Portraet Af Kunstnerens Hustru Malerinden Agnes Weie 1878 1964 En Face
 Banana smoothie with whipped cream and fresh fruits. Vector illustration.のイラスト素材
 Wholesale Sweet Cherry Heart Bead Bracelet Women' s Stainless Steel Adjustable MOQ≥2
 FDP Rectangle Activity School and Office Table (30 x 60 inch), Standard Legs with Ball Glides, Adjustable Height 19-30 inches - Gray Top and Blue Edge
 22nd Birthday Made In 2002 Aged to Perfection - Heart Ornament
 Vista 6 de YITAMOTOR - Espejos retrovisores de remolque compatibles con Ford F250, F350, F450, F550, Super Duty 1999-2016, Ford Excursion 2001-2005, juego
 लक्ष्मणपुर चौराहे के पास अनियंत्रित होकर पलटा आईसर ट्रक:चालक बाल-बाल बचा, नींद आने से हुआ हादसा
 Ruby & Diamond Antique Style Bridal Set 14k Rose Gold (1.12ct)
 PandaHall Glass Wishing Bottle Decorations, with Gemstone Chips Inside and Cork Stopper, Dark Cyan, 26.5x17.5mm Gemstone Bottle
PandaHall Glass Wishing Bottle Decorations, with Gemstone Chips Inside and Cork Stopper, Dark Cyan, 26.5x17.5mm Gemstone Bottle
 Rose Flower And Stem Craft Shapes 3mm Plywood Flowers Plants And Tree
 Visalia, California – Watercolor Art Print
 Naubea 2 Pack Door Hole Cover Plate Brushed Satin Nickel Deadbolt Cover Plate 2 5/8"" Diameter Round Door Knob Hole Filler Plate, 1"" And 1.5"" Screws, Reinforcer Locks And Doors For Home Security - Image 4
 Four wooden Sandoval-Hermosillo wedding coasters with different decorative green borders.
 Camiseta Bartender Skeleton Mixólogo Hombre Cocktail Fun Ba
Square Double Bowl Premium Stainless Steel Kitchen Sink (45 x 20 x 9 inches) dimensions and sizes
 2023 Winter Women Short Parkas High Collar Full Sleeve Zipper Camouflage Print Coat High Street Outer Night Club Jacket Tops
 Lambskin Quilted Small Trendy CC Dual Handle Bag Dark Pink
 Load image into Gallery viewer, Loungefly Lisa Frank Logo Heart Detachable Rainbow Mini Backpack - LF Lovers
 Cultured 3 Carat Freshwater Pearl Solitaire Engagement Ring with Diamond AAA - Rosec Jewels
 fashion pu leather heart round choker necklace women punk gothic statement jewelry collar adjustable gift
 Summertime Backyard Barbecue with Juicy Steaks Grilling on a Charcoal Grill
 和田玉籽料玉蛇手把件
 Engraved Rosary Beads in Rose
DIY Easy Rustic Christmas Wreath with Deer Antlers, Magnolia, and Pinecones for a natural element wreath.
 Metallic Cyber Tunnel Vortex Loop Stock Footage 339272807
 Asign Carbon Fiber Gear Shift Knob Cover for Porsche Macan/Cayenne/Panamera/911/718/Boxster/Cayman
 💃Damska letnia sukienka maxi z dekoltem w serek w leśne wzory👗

**EXERCISE AIM**
The expected answer is an exact copy of the lines above, beginning at the line with "Camiseta Bartender Skeleton" and ending at the line with "Engraved Rosary Beads in Rose", with both ends in.

**TASK SOLUTION**
 Camiseta Bartender Skeleton Mixólogo Hombre Cocktail Fun Ba
Square Double Bowl Premium Stainless Steel Kitchen Sink (45 x 20 x 9 inches) dimensions and sizes
 2023 Winter Women Short Parkas High Collar Full Sleeve Zipper Camouflage Print Coat High Street Outer Night Club Jacket Tops
 Lambskin Quilted Small Trendy CC Dual Handle Bag Dark Pink
 Load image into Gallery viewer, Loungefly Lisa Frank Logo Heart Detachable Rainbow Mini Backpack - LF Lovers
 Cultured 3 Carat Freshwater Pearl Solitaire Engagement Ring with Diamond AAA - Rosec Jewels
 fashion pu leather heart round choker necklace women punk gothic statement jewelry collar adjustable gift
 Summertime Backyard Barbecue with Juicy Steaks Grilling on a Charcoal Grill
 和田玉籽料玉蛇手把件
 Engraved Rosary Beads in Rose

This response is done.